Il tema ambientale è divisivo e, come in altri casi (pandemia Covid, conflitti, questioni geopolitiche), la volontà di affermazione di verità apodittiche e assolute prevale sulla necessità di discussione laica e razionale.
Questo comporta come conseguenza la sclerosi delle posizioni dei soggetti impegnati nel dibattito pubblico con il prevalere di quelle più estreme, emotive, fortemente suggestive su quelle più moderate, razionali e scientificamente dubitative.
Il sistema dei media, quelli tradizionali dominati dalla necessità di sopravvivenza in un contesto fortemente affollato e di progressiva disaffezione, ma soprattutto quelli nuovi, principalmente quelli autogestiti delle piattaforme social, è vittima di questo processo di radicalizzazione, di semplificazione e di banalizzazione.
Questo fenomeno diventa ancor più rilevante in quanto le nostre società occidentali sono agitate da processi di antagonismo sociale che contestano in modo deciso il modello di vita e di sviluppo dominante. Soprattutto la popolazione giovanile manifesta (a ragione) un profondo disagio, che si trasforma in rabbia e in forme di aggressione già sperimentate negli anni passati (’60 e ’70 soprattutto), dovuto sostanzialmente sia a condizioni di precarietà materiale, sia dallo smarrimento di prospettive e di proiezione di sé nel futuro.
Il tema ambientale (cambiamento climatico, transizione ecologica, pauperismo e ideologie di decrescita) è un carburante formidabile per alimentare il moto di questi movimenti sociali.
Oggi non è più l’ideologia “politica” il movente principale, ma sono single issue, alcune molto specifiche, ma altre, come quella ambientale, di valore più generale a generare la motivazione alla contestazione, la protesta e la rivolta.
Si parla qui di rivolta e non di rivoluzione poiché quest’ultima prevede un progetto di alternativa al modello dominante che s’intende abbattere, mentre la rivolta è la pura manifestazione verbale e fisica di un rifiuto, di una negazione e di una volontà di demolizione.
In questo senso, i segnali ancora deboli di movimenti antagonisti che con il linguaggio e con le azioni combattono i soggetti imprenditoriali operanti nel business energetico sono da considerare con grande attenzione.
Trattandosi di segnali deboli non vengono considerati degni di allarme, ma solo di sporadica attenzione mediatica.

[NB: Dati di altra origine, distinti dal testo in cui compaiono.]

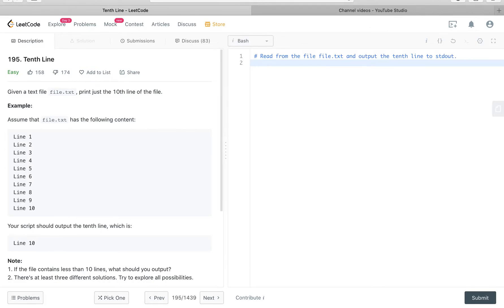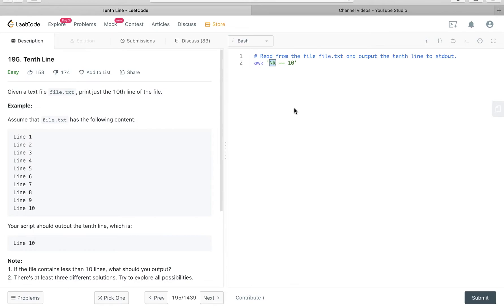There is a bash command called awk. Awk basically scans the files or the lines and gets what you ask for. We are asking for the number 10 line, so NR equals 10. NR is the current row, and we are asking bash to grab the current row that is the 10th row in the file. And of course we have to pass in our file, which is called file.txt.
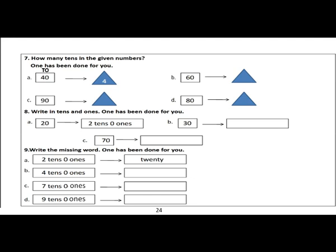Students, go to the next page, page number twenty-four. Question number seven: how many tens in the given numbers? As you know, the right side is the one's side and the left side is the tens side. There are zero ones and four tens in the first part — four tens and zero ones make forty, so there are four tens. Write your answer in the triangle. The next parts are sixty, ninety, and eighty.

Intendo riferirmi a “Ultima Generazione” in particolare, ma anche ad altri soggetti che con modalità e sfumature diverse (in un continuum tra moderazione ed estremismo), agiscono in questo contesto e traggono alimento da questo brodo di coltura ideologico confortati anche dal sostegno di vecchi cattivi maestri sempre in attività.
Ma il fatto che questi soggetti mutuino linguaggi dei movimenti anni ’70 e loro modalità operative, incitando alla rivolta e a compiere gesti di aggressione fisica (per ora contro installazioni, sedi e manufatti), dovrebbe destare consapevolezza del rischio potenziale e una riflessione sulle cause e sulle risposte più adeguate (politiche, organizzative, ideologiche).
“Ultima Generazione”, infatti, non solo edita nei propri media social e cartacei (documenti, opuscoli) elaborazioni di scenario basate su informazioni fantasiose o estremizzate, ma chiama alla mobilitazione sia con eventi (per es. raduno presso l’Università Statale di Milano lo scorso ottobre) ma soprattutto con azioni dimostrative aggressive e violente (occupazione di sedi stradali, assalti e danneggiamenti a negozi di imprese energetiche).
L’aggressività di questo e di altri soggetti cerca bersagli simbolicamente ingombranti, logisticamente vicini e prossemicamente facili. Fatalmente prima o poi li troverà.
La classe politica è distratta, quella giornalistica (tranne eccezioni) quando non simpatizza, giustifica o trascura.
Cosa deve succedere affinché si generi la giusta e preoccupata attenzione a questo fenomeno?
O affinché con la consapevolezza diffusa o anche solo mirata vi siano risposte adeguate?
Oltretutto, con le loro azioni, questi soggetti alienano le simpatie della maggioranza dell’opinione pubblica da una positiva sensibilità e da una efficace e sostenibile politica ambientale. Ma forse, non sono interessati al consenso generale, considerandosi avanguardia illuminata del popolo (tragico dejà vu).